--- Assignment ---
Print the listing exactly as it stands. Skip every picture.

--- Supplied data ---

━━━━━━━━━━━━━━━━━━━━

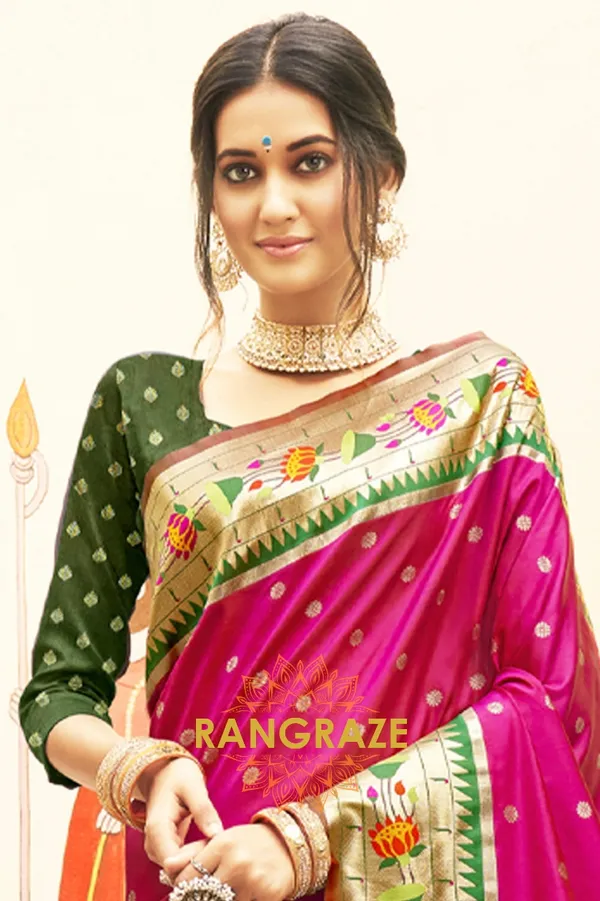 Magenta_Paithani_Silk_Saree_For_Women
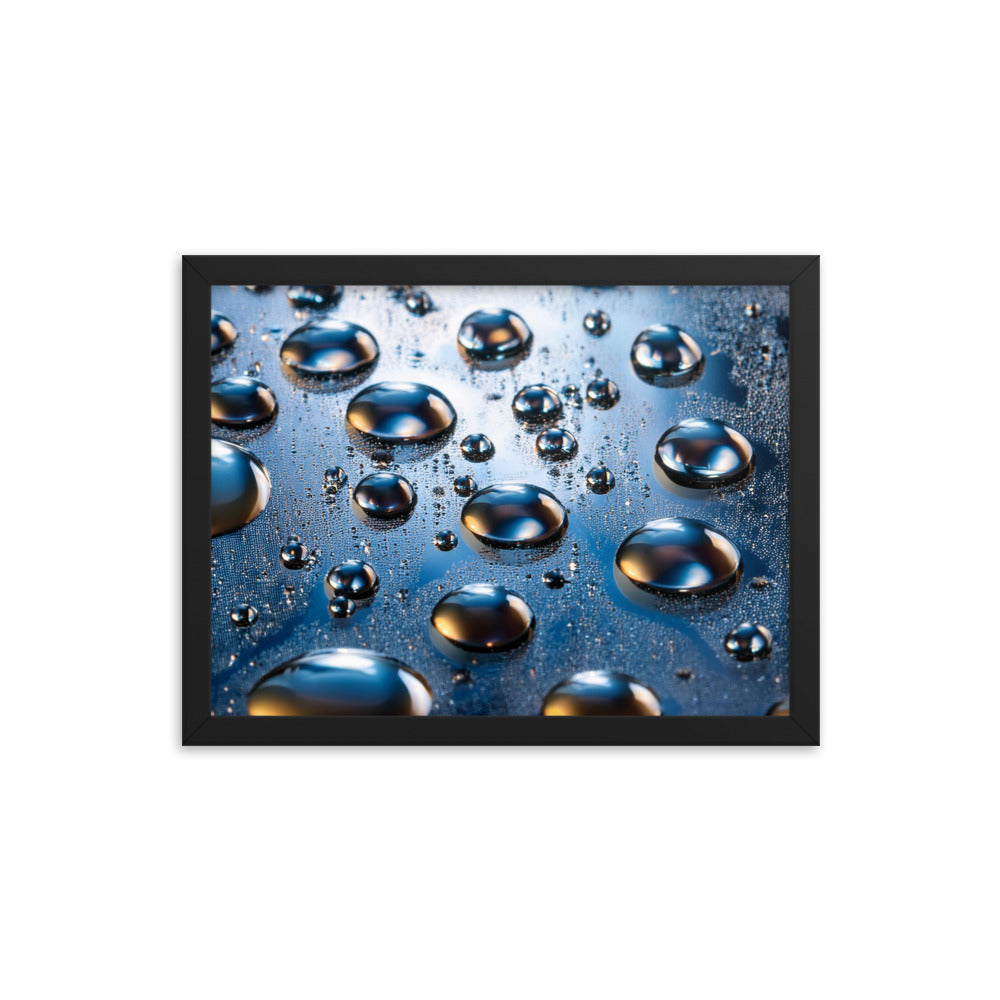 Metallic Drops - Framed photo paper poster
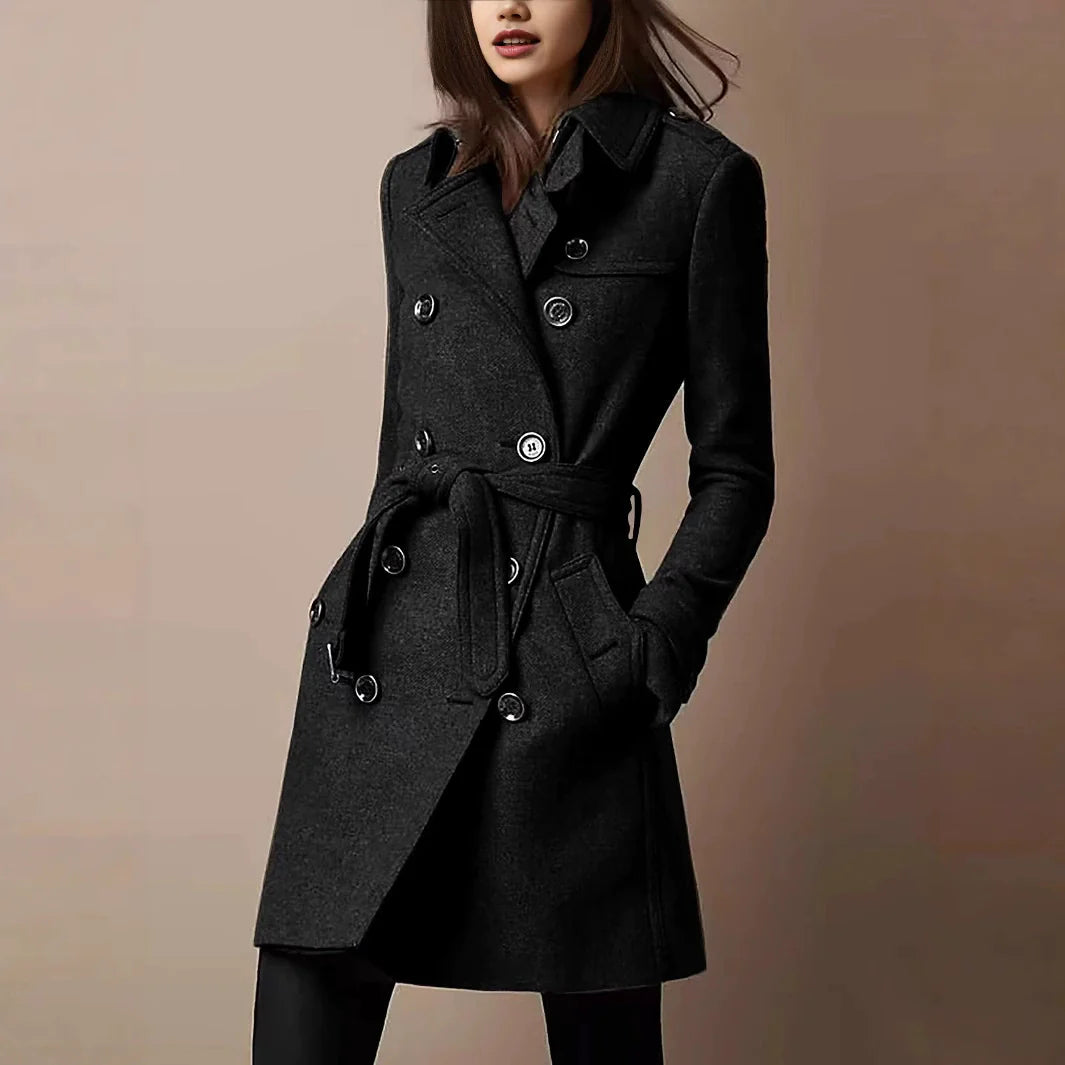 Women’s Coat – Slim Fit – Wool Feel – Double-Breasted – Belted Waist – Mid-Thigh Length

━━━━━━━━━━━━━━━━━━━━

--- Your solution ---
 Magenta_Paithani_Silk_Saree_For_Women
 Metallic Drops - Framed photo paper poster
 Women’s Coat – Slim Fit – Wool Feel – Double-Breasted – Belted Waist – Mid-Thigh Length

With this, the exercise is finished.